Friday, March 13, 2026

It's time for the story to be told

Among the ongoing news of various scandals and missteps and outright immoral acts of our current administration, this week brought news of how the Pentagon spent hundreds of millions in September. Unspoken was the annual truth that underlies this revelation: it happens each year.

Whether it is some official rule or not, the practice has been for many decades that the military must spend all its allocation of funding by the end of the fiscal year (Oct. 1). To spend less is to send a message that funding might be reduced in the future. 

And, crucially, unspent funds cannot be rolled over into future budgets.

So, the system flips what most would call common sense -- that being budget-conscious is to be valued -- and forces each piece of the giant military establishment to spend, spend, spend.

How do I know this has been ongoing for decades, you ask? Turns out I contributed to just such an effort to spend allocated funds in my renowned tenure as base funds manager at RAF Lakenheath. It was September of 1972, and young Airman First Class Kennedy had been elevated to the funds manager role after the Master Sergeant who had occupied the position retired.

The base was between aircraft deployments (our F100s had been shipped to Turkey and the F4s were not yet coming to us from Vietnam), which likely has something to do with the supply company just telling me I was in charge of ordering basic supplies and equipment for the base. And, after all, it's not like I didn't have numerous officers sending me orders, all approved by the colonel in charge.

I was, essentially, an office drone. 

Back to a mid-September morning when I was called to the company commander and told to scour inventories and find whatever means was necessary to spend what I recall as at least $500,000 in allocated funds, and to do it within two weeks.

Unlike what happened last September, I did not consider ordering millions of dollars of fancy food for military mess halls -- that sort of choice likely required Hegseth-level approval. But after buying as many office supplies and annual needs as I could find figures for (essentially covering the 1972-73 fiscal year's major expenses that did not involve actual fighter jets and fuel, etc.), I finally came up with a somewhat audacious plan.

We had several empty aircraft hangers on base, just aching to be filled. I suggested to the company commander that toilet paper and other various paper products had very long shelf lives, so to speak, and that we could store large quantities on the base for, well, some time... at least until planes arrived from southeast Asia. 

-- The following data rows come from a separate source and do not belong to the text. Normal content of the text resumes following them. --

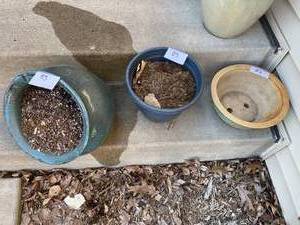 lot 83 image: 6 Flower Pots With Garden Stepping Stones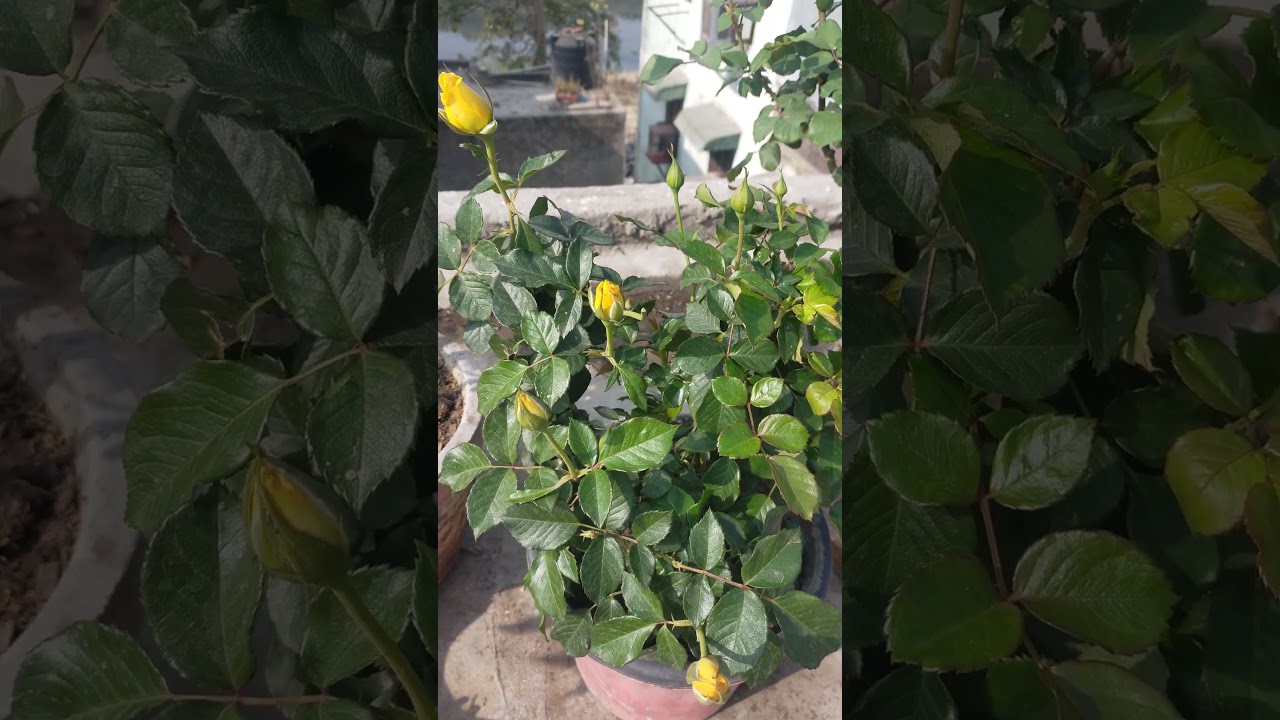 Yellow Rose Full of Buds#caretips #best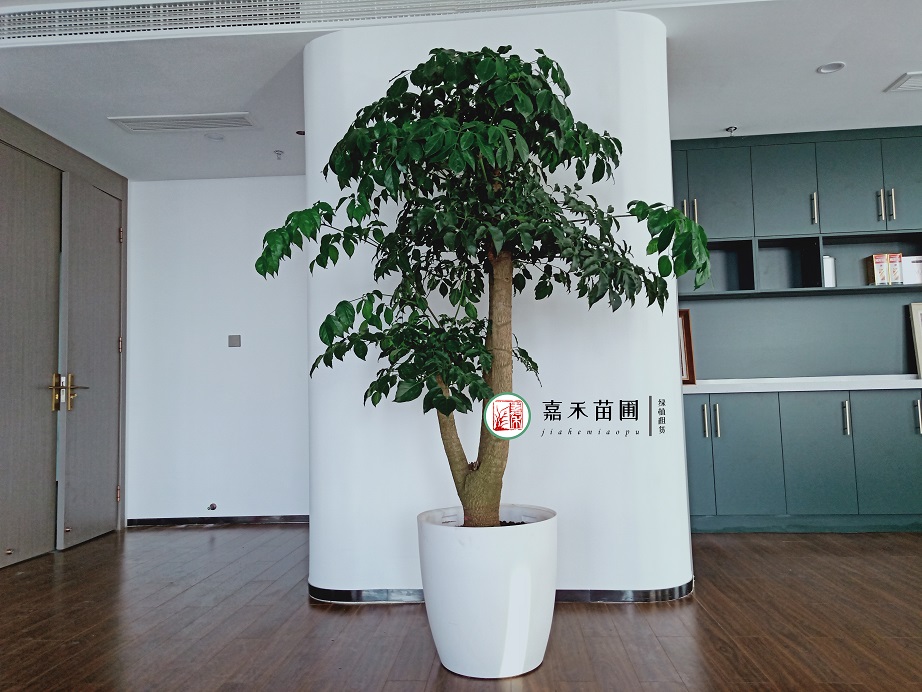 西安大型寫字樓綠植租賃價格|嘉禾苗圃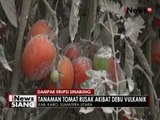 Abu vulkanik erupsi Gunung Sinabung merusak tanaman sayur, warga merugi - iNews Siang 26/05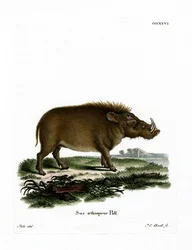 Phacochère du désert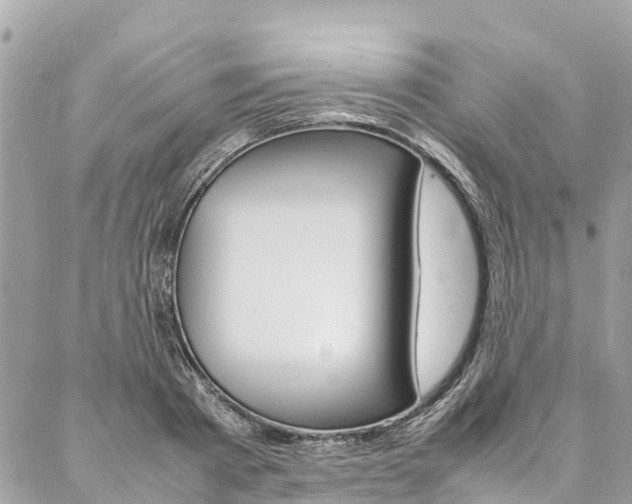 X0000086890793200704161004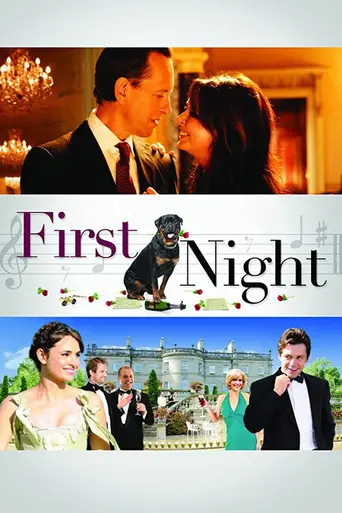 1st Night (2011)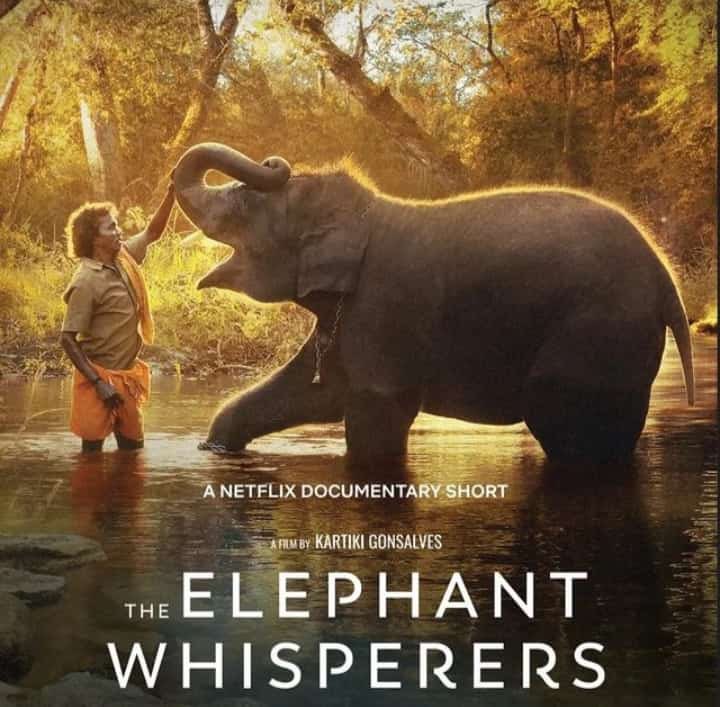 PrithviOfficial's tweet photo. Congratulations on the Oscar to the entire team of #TheElephantWhisperers ❤️❤️❤️ https://t.co/V6Mh4X2rD5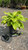 Hosta Fragrant Bouquet 161500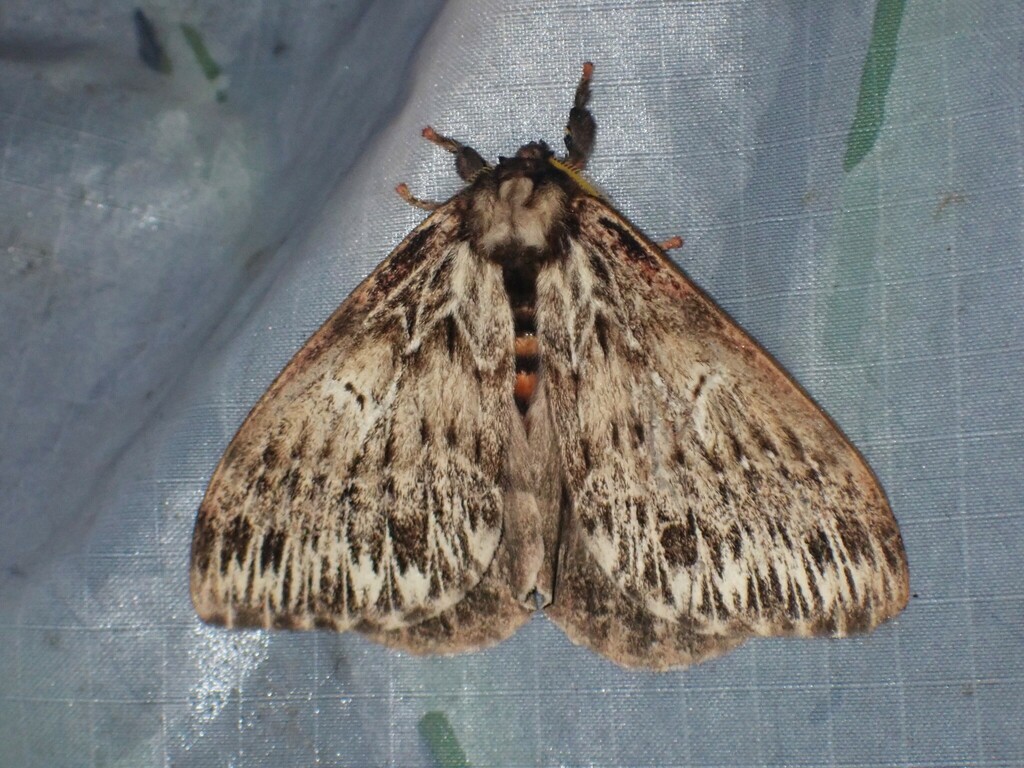 Dirphia radiata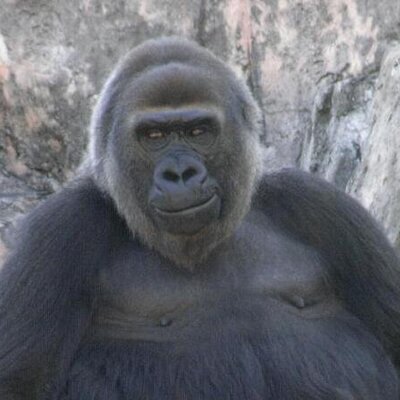走るゴリラ Rungolira Twitter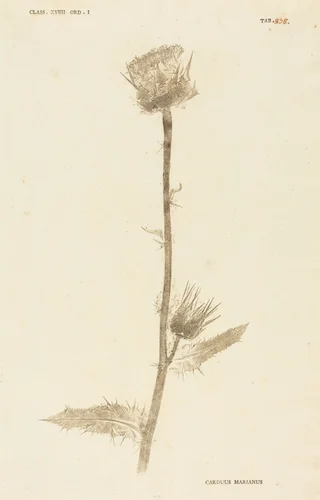 Carduus Maarianus by Johann Hieronymus Kniphof, print, 1757-1764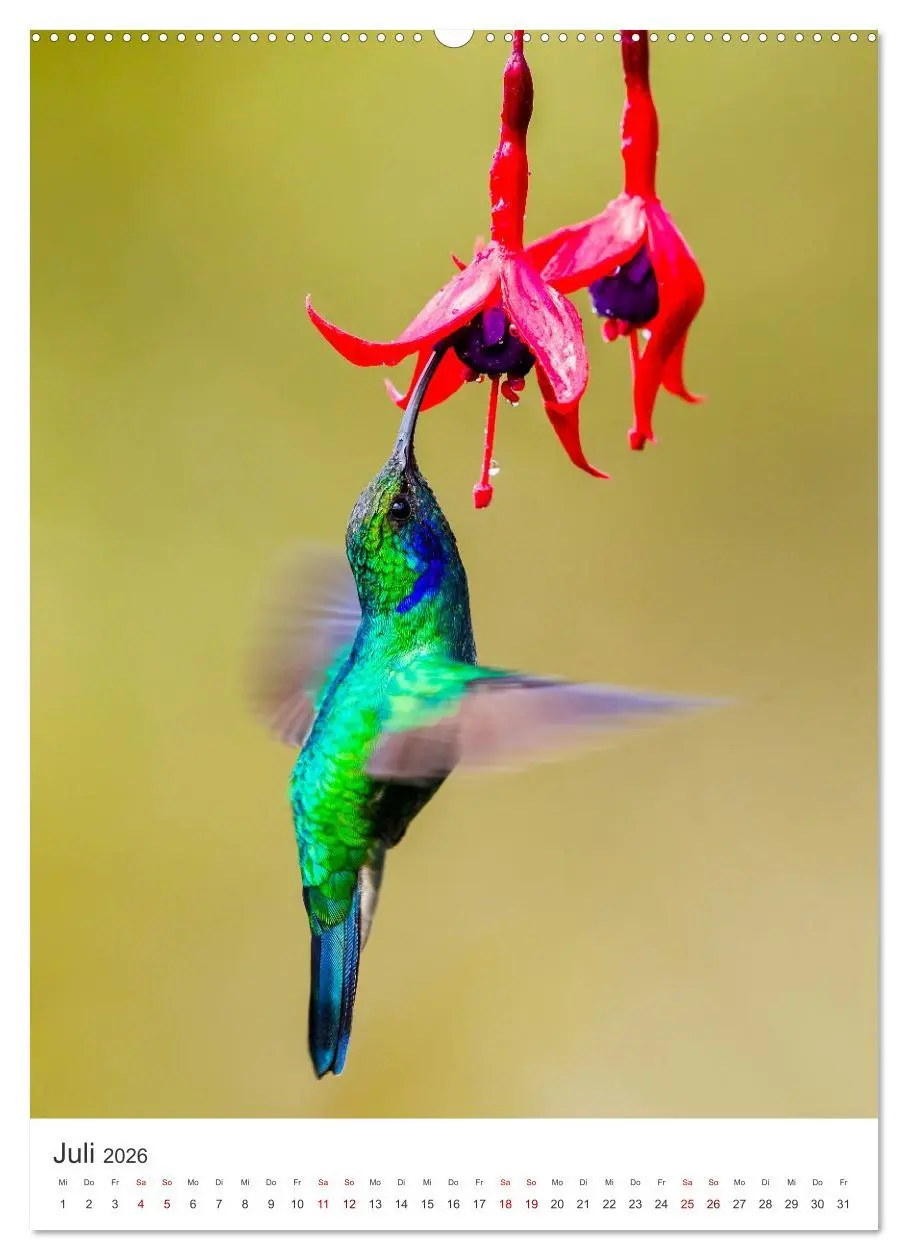Bild: 9783516356922 | Faszination Costa Rica (Wandkalender 2026 DIN A2 hoch), CALVENDO...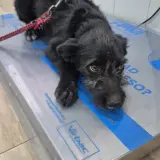 Adopta a Boni Preciosa Cachorro Tlf 645978718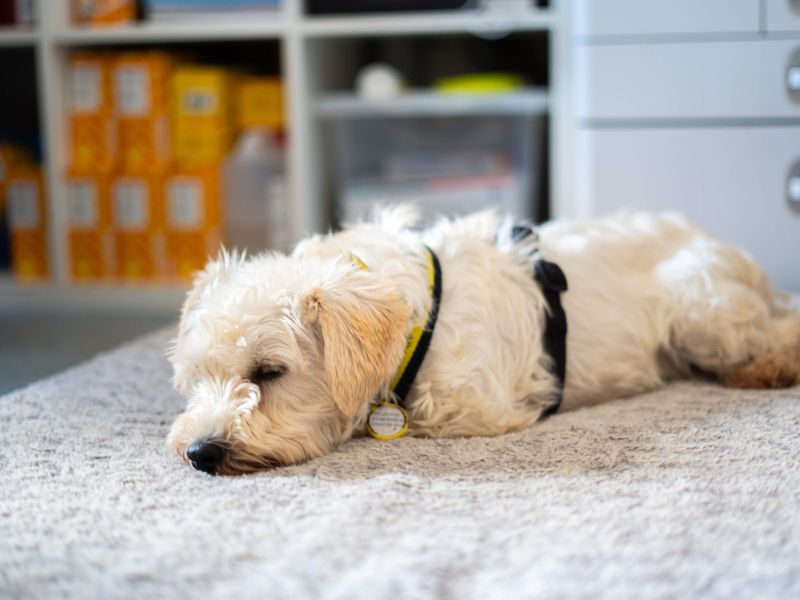 Snowy | Crossbreed | Newbury (Berkshire) - 2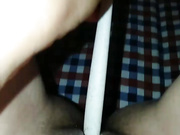 鲍鱼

In retrospect, it all seems short-sighted. The planes really would arrive, though not until after I rotated back to the States a year later, and those hangers would be operational again. The next fiscal year's budget would not be stocking up on toilet paper, so that next budget would need to find a new solution to any excess funds. But, orders are orders, and the captain in charge mostly just wanted to report that our excess money had been spent.

Bottom line: I placed a mammoth order for paper products, mostly TP, and some grunts from base supply really did fill a hanger with those essential products. In fact, they were flown in by a military transport plane to nearby RAF Mildenhall. 

That was my first, and pretty much ONLY experience, spending a whole lot of money that was not mine. It was like a game. 

I assume that the September, 2025, purchases felt like a game to today's supply specialists. I felt like a winner in 1972. I had done my job and everyone seemed pleased. 

Also pleased were at least four years of Air Force personnel, blessed with a seemingly endless supply of generic toilet paper. What, you thought I could order Charmin?